[[ MATERIAL SHOWN open ]]

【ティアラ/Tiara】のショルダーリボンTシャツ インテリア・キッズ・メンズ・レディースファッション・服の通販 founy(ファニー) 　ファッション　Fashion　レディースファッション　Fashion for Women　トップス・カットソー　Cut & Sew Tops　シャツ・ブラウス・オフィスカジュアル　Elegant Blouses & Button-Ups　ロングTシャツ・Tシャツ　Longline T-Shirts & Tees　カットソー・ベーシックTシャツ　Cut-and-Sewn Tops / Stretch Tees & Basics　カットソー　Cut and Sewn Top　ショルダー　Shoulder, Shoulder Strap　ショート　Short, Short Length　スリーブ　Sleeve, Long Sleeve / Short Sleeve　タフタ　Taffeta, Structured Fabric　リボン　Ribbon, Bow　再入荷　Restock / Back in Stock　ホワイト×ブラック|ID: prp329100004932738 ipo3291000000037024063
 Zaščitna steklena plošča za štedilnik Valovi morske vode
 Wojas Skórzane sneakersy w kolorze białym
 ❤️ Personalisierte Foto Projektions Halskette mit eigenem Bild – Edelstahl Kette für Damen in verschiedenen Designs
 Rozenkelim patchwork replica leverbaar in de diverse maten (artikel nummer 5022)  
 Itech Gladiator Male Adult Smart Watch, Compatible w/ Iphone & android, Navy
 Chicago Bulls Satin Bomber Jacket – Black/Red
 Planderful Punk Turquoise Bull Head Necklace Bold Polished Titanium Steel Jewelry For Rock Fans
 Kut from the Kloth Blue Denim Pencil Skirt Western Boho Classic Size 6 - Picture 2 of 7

[[ MATERIAL SHOWN closed ]]

> [TASK PROMPT]: Retype the records above exactly, from their first line through the line that contains "Wojas Skórzane sneakersy w kolorze białym", and stop there.

> [RESPONSE]:
【ティアラ/Tiara】のショルダーリボンTシャツ インテリア・キッズ・メンズ・レディースファッション・服の通販 founy(ファニー) 　ファッション　Fashion　レディースファッション　Fashion for Women　トップス・カットソー　Cut & Sew Tops　シャツ・ブラウス・オフィスカジュアル　Elegant Blouses & Button-Ups　ロングTシャツ・Tシャツ　Longline T-Shirts & Tees　カットソー・ベーシックTシャツ　Cut-and-Sewn Tops / Stretch Tees & Basics　カットソー　Cut and Sewn Top　ショルダー　Shoulder, Shoulder Strap　ショート　Short, Short Length　スリーブ　Sleeve, Long Sleeve / Short Sleeve　タフタ　Taffeta, Structured Fabric　リボン　Ribbon, Bow　再入荷　Restock / Back in Stock　ホワイト×ブラック|ID: prp329100004932738 ipo3291000000037024063
 Zaščitna steklena plošča za štedilnik Valovi morske vode
 Wojas Skórzane sneakersy w kolorze białym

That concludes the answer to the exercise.